Три-четыре колонии необходимо микроскопировать и исследовать на подвижность. В случае, если последней не обнаруживается, их переселяют на среду Олькеницкого, чтобы выделить чистую культуру. При отсутствии характерных колоний шигелл или если не наблюдается вообще никакого роста, необходимо на агар Эндо или Плоскирева производить высев из селенитового бульона. Если типичные колонии присутствуют в достаточном количестве, ставится ориентировочная реакция агглютинации. Используется смесь сывороток Зонне и Флекснера, реакция проходит на стекле.

Дальнейшее исследование

В третий день отмечаются изменения, произошедшие в колониях на среде Ресселя. Если есть культура, которая не разлагает лактозу, а глюкозу сбраживает с образованием кислоты, ее отделяют и исследуют, проводят микроскопию, а также проводят посев на “пестрый ряд”, однако на этот раз развернутый. Так же ставится реакция агглютинации, в целях серологической идентификации.

В последний день можно сделать заключение на основании изменений в “пестром ряду” (происходит ли ферментация углеводов), а так же подводятся итоги реакции агглютинации.

Хранение и приготовление

Приготовление агара Плоскирева происходит таким образом:

1. 55 г сухого вещества размешивают в литре дистиллированной воды.
2. Кипятят в течение двух-трех минут, до тех пор, пока агар полностью не расплавится.
3. Разливают в чашки Петри (стерильность необязательна) слоем в 5-6 мм.
4. Чашки оставляют открытыми на полтора часа при комнатной температура (18-25 градусов).
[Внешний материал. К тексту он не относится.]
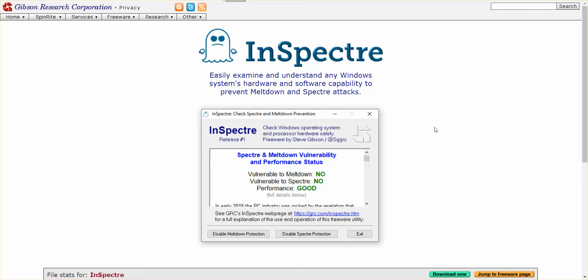Ladies and gentlemen, what's going on? Once again, Nev from Nev's Tech Pits. I've got a quick small one to drop on you today — in Spectre, a great little app that you can download to find out if you are vulnerable to Meltdown or Spectre.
По истечении этого времени среда достаточно застынет и подсушится.

Среда Плоскирева светочувствительная и гигроскопична. Порошок необходимо хранить в герметичной упаковке, относительная влажность воздуха в помещении не должна превышать 60%. Оптимальная температура для хранения от 2°С до 25°С. Необходимо соблюдать приведенные правила хранения, в ином случае возможны неточные результаты исследований.